Among the entries, which lines carry the string "your"? Copy each of them.

[Excerpted data — start]

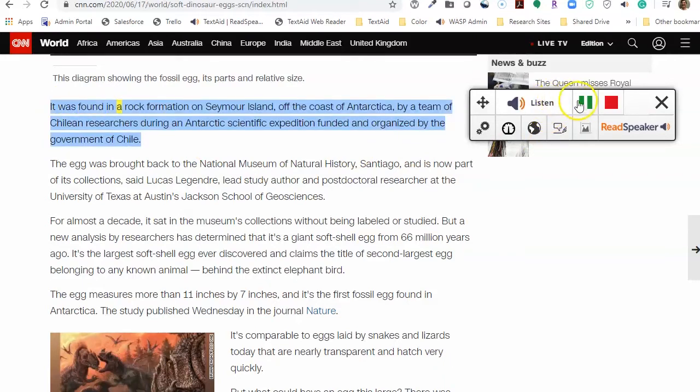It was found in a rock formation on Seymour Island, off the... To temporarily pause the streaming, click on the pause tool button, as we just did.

[Excerpted data — finish]
[Excerpted data — start]

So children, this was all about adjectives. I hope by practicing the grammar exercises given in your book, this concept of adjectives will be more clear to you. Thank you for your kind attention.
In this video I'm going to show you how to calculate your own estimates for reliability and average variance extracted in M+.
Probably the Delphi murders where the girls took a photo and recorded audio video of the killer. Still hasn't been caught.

[Excerpted data — finish]
[Excerpted data — start]

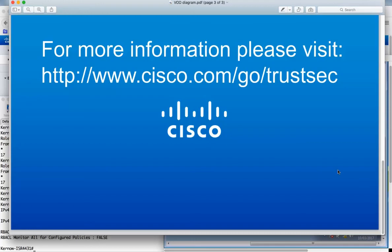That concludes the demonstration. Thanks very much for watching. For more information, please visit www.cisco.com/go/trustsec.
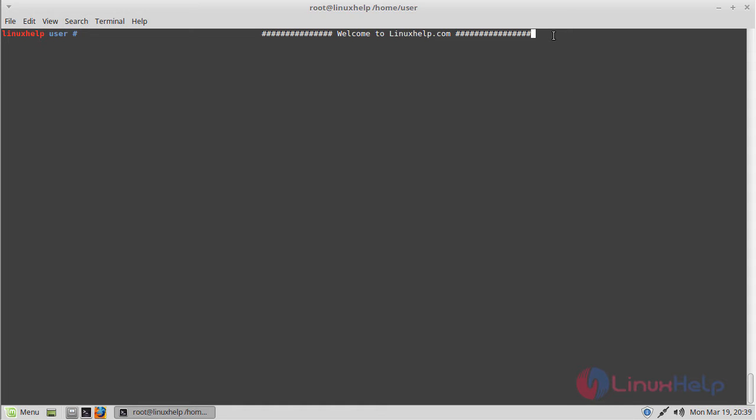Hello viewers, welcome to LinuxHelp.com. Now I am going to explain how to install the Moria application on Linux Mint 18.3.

[Excerpted data — finish]

Solution for this problem:
So children, this was all about adjectives. I hope by practicing the grammar exercises given in your book, this concept of adjectives will be more clear to you. Thank you for your kind attention.
In this video I'm going to show you how to calculate your own estimates for reliability and average variance extracted in M+.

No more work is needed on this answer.